Data to use >>

━━━━━━━━━━

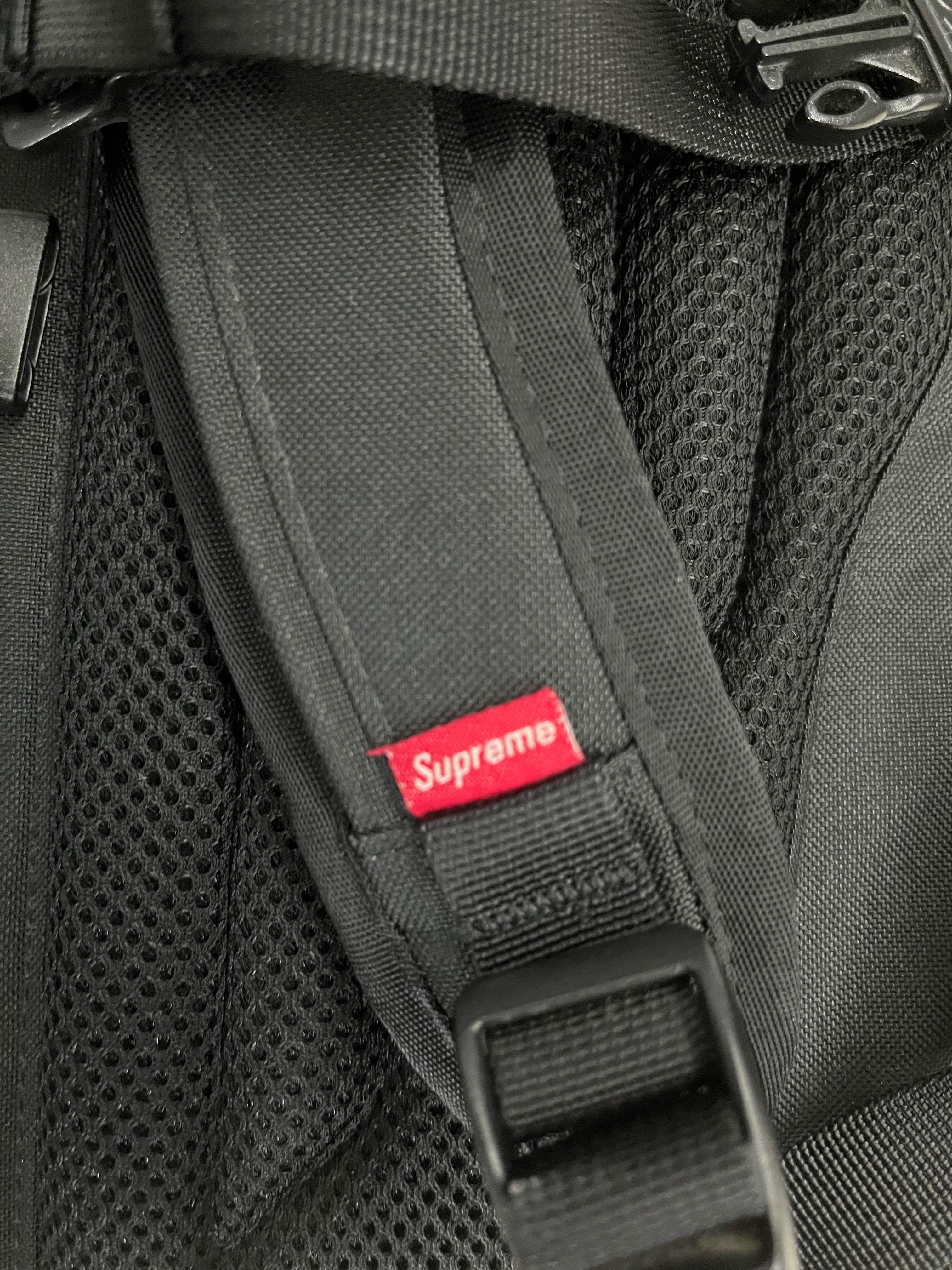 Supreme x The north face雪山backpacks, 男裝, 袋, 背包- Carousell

━━━━━━━━━━

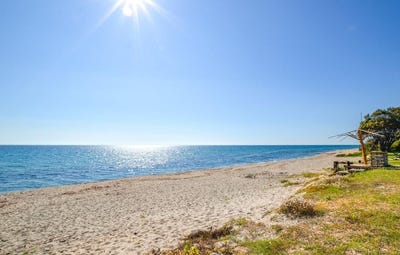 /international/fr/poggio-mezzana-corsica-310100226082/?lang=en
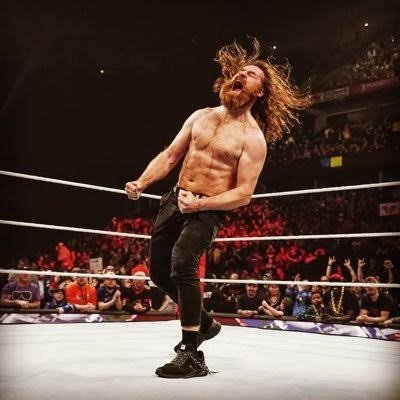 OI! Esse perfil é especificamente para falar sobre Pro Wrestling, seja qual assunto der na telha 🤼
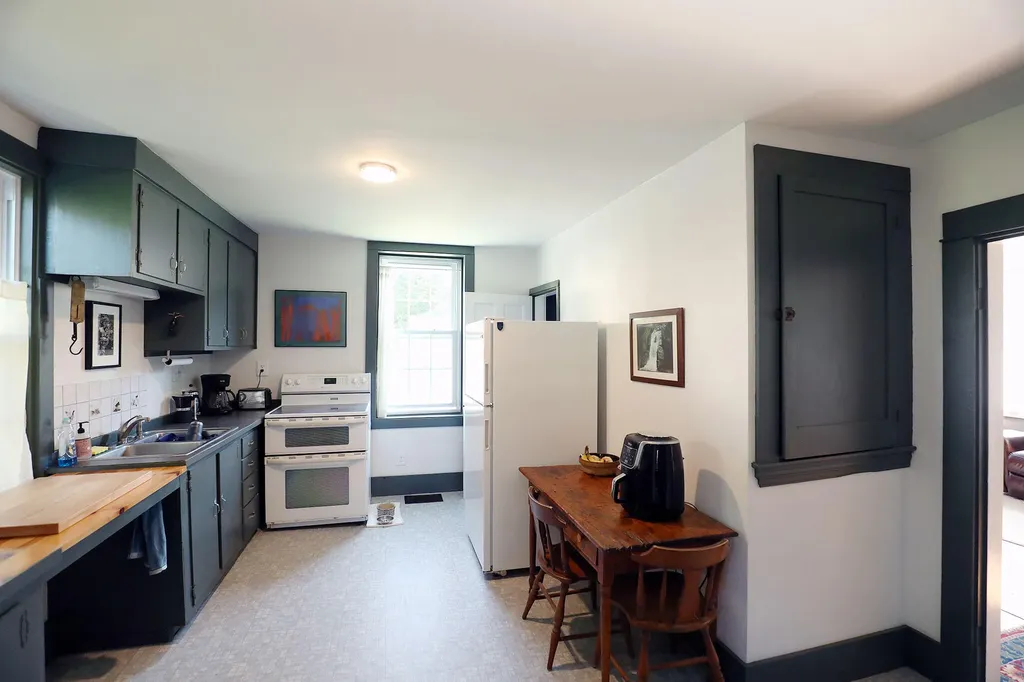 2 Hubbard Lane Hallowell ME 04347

━━━━━━━━━━

Your assignment >> When copying from the data above, begin at the line containing "OI! Esse perfil" and end at the line containing "2 Hubbard Lane Hallowell ME 04347"; return those lines exactly and leave all pictures behind.

Output of the exercise >>
 OI! Esse perfil é especificamente para falar sobre Pro Wrestling, seja qual assunto der na telha 🤼
 2 Hubbard Lane Hallowell ME 04347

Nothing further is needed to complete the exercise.